# Joined PPA



## lisameowrie (Apr 8, 2015)

Finding it difficult to navigate the site though. What do you suggest I search for that can be most helpful and beneficial to a new business owner?


----------



## CCericola (Apr 9, 2015)

There are several webinaires to get started. Workshops PPAedu
Also, look to see if there is a local affiliate to join as well. It's one thing to read and watch videos. It's another to actually talk and practice with other photographers.


----------



## CCericola (Apr 9, 2015)

PPA Affiliates PPA


----------



## lisameowrie (Apr 9, 2015)

Ah, thank you!


----------



## tecboy (Apr 10, 2015)

I'm trying to start my own business in dog portrait photography, and I don't see how PPA will help.  I went to a local seminar of PPA, and it is really about becoming elite photographer.  If you are rich, have a lot of skills, and a lot of resources, then that's maybe right for you.  In addition, they had photo competitions, and the judges scored very harsh.  The photos have lavish background, and they had put a lot of money and effort to these.  If I submitted a dog portrait, I just made myself looked bad and degrading.
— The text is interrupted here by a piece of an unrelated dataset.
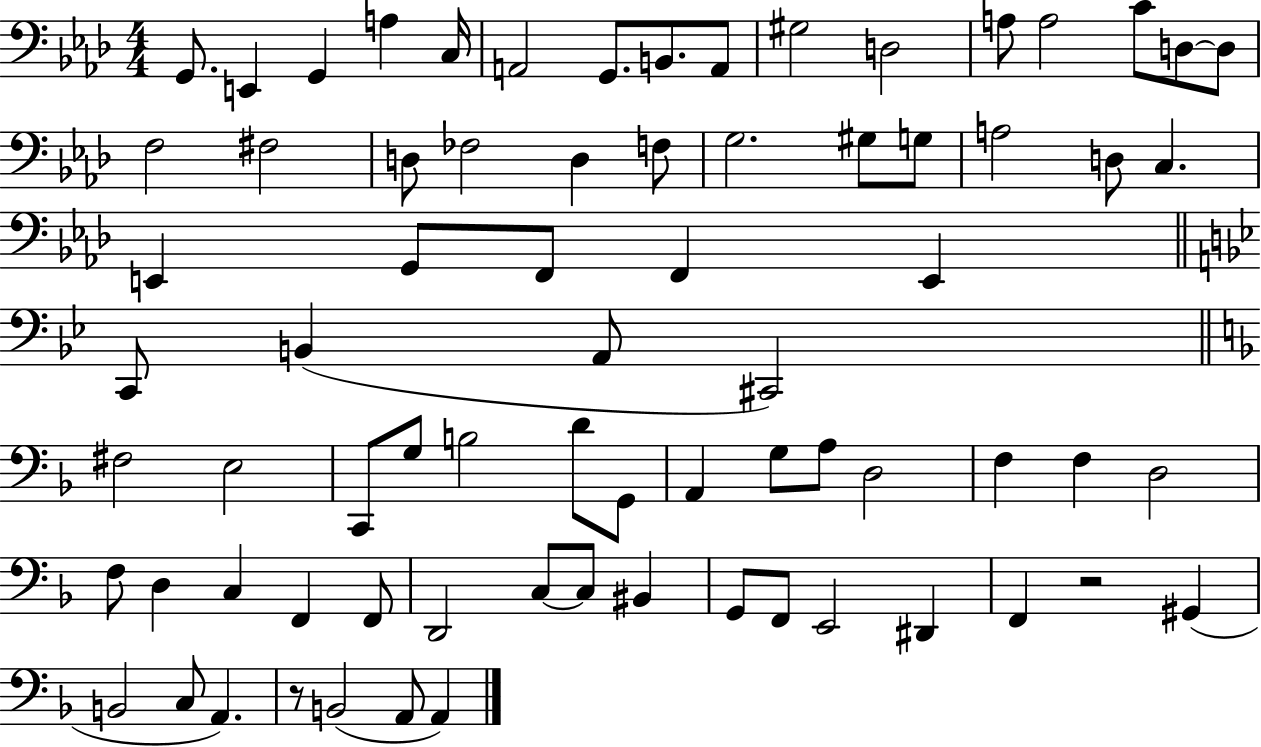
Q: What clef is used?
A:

Just curious, who do others say about your portfolio, beside your friends and family?


----------



## lisameowrie (Apr 10, 2015)

They love my work and I feel very lucky that they're being so kind because I know I have a lot to learn. I am currently in the process of working on my portfolio.


----------



## tecboy (Apr 13, 2015)

A friend of mine shows me this, and is a friend of her.

Amanda Jones Welcome


----------



## lisameowrie (Apr 15, 2015)

She's very good. I hope to get better at it down the road as well and be able to open up a studio.


----------



## Austin Greene (Apr 17, 2015)

lisameowrie said:


> I am currently in the process of working on my portfolio.



Just a suggestion, but I think you mean you are in the process of developing a _starting_ portfolio. 

Every pro out there is constantly in the process of "working on their portfolio." The competition never stops, and neither can you.


----------